Administrator Guide
Access Control Lists 679
ACL Configuration Examples
This section contains the following examples:
• "Basic Rules " on page 679
• "Internal System ACLs " on page 680
• "Complete ACL Example " on page 681
• "Advanced Examples " on page 685
• "Policy-Based Routing Examples " on page 697
Basic Rules
• Inbound rule allowing all packets sequenced after all other rules. It is
recommended that the largest possible sequence number be specified with
a permit every rule to ensure that it is the last rule processed in the ACL.
2147483647 permit every
Administrators should be cautious when using the
permit every
rule in an
access list, especially when using multiple access lists. All packets match a
permit every
rule and no further processing is done on the packet.

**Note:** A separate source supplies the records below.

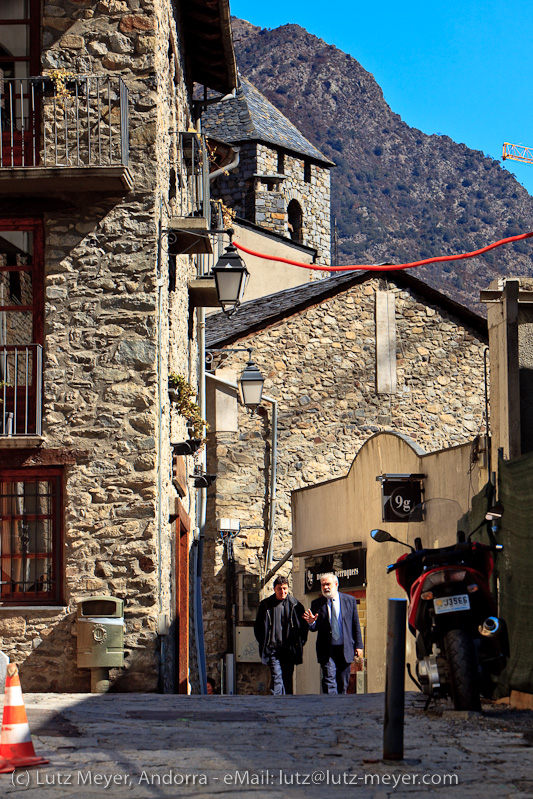 Andorra: The historic center of Andorra la Vella: Barri antic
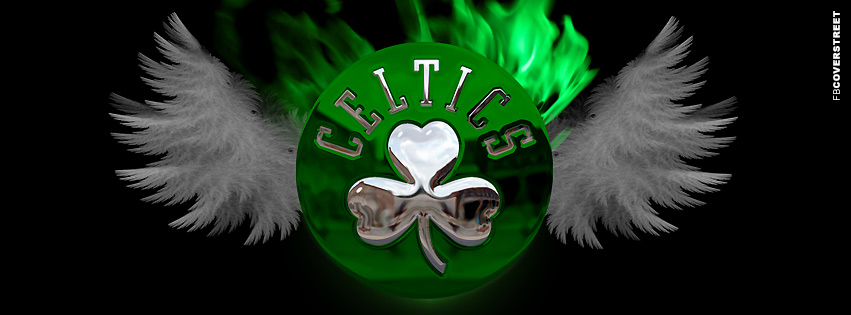 Boston Celtics Chrome Logo  Facebook Cover
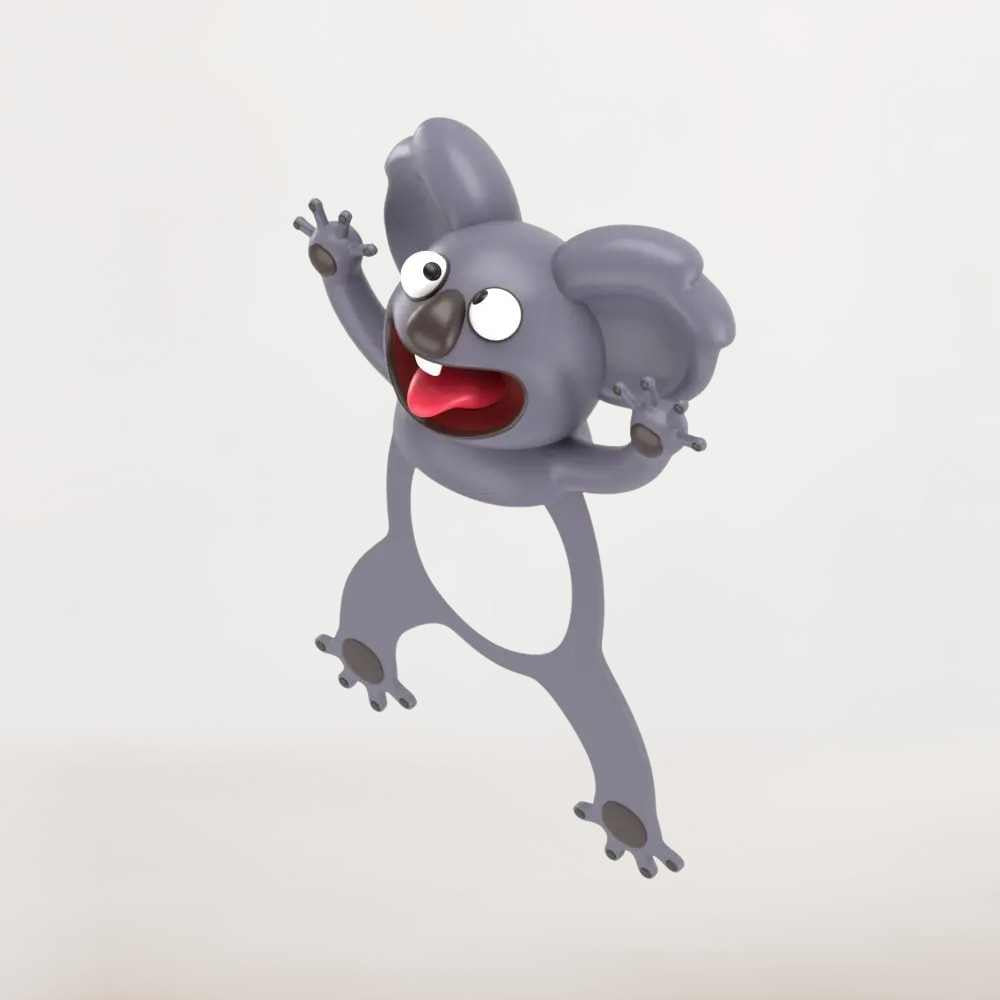 Marque page Kawaii | Koala Malicieux et Lecture Douce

This
means that a
permit every
match in an access list will skip processing
subsequent rules in the current or subsequent access-lists and allow all
packets not previously denied by a prior rule.
• Inbound rule to drop all packets:
As the last rule in a list, this rule is redundant as an implicit “deny every” is
added after the end of the last access-group configured on an interface.
10000 deny every
Administrators should be cautious when using the
deny every
rule in an
access list, especially when using multiple access lists. When a packet
matches a rule, no further processing is done on the packet. This means
that a
deny every
match in an access list will skip processing subsequent
rules in the current or subsequent access-lists and drop all packets not
previously allowed by a prior rule.
NOTE: None of these ACL rules are applicable to the OOB interface.